#### WORK ITEM:
Begin with the line holding "De Massion Enamel" and end with the last line of the records below. Set down exactly those lines and leave out every picture.

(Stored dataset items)
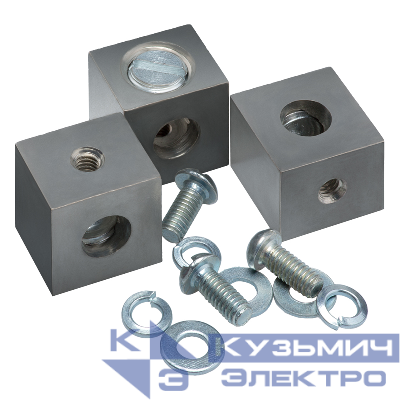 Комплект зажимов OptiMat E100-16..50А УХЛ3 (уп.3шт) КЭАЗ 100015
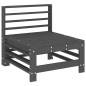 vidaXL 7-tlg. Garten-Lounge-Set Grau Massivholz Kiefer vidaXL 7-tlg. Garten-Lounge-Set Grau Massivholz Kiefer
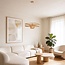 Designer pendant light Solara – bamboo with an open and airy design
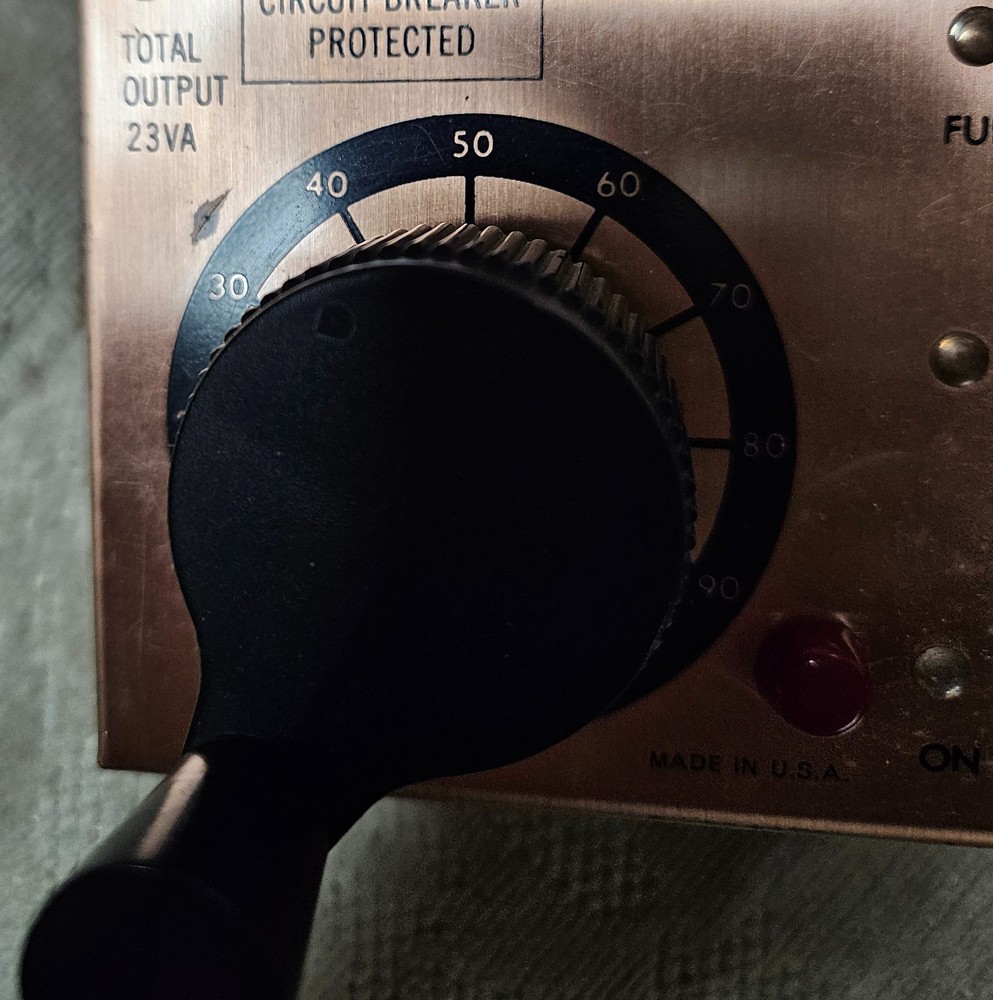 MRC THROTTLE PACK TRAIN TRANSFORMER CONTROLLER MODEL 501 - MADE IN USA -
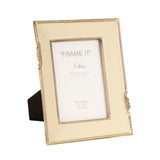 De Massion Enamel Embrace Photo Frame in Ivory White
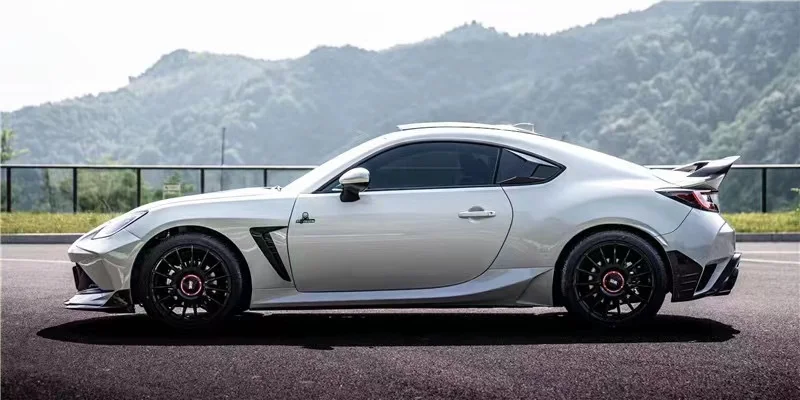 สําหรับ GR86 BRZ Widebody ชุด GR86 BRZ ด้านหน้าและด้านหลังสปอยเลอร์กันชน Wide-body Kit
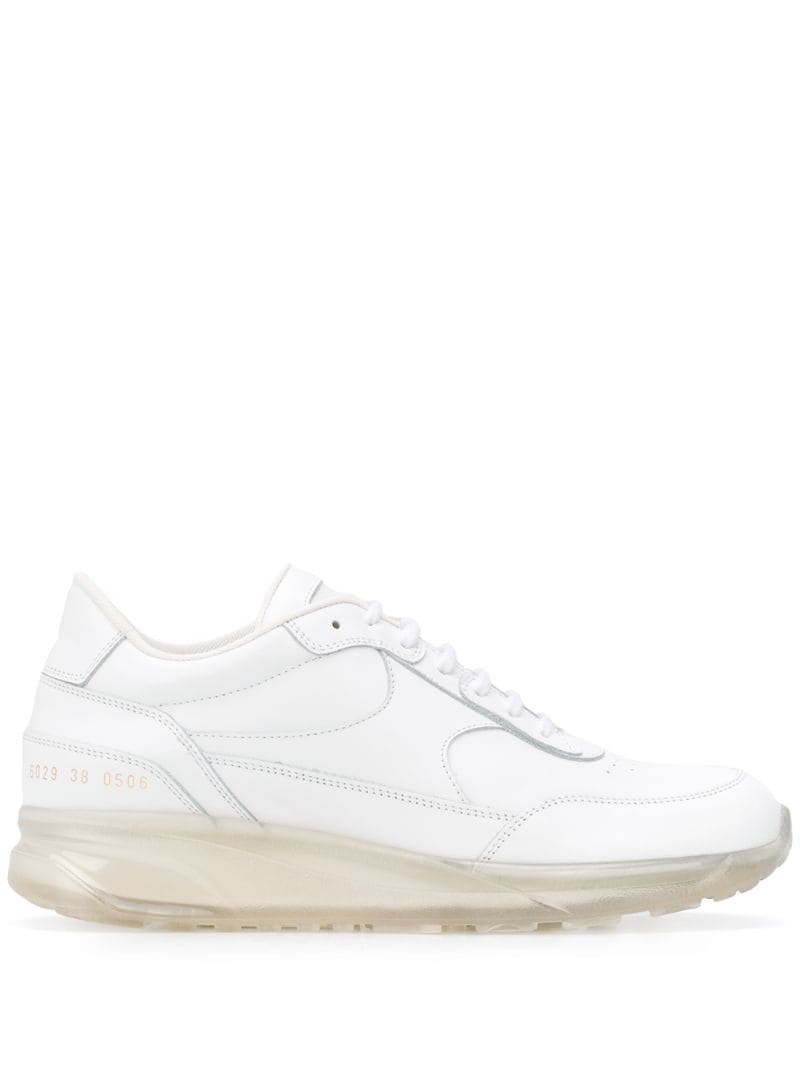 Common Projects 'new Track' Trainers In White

#### OUTPUT FOR THIS TASK:
 De Massion Enamel Embrace Photo Frame in Ivory White
 สําหรับ GR86 BRZ Widebody ชุด GR86 BRZ ด้านหน้าและด้านหลังสปอยเลอร์กันชน Wide-body Kit
 Common Projects 'new Track' Trainers In White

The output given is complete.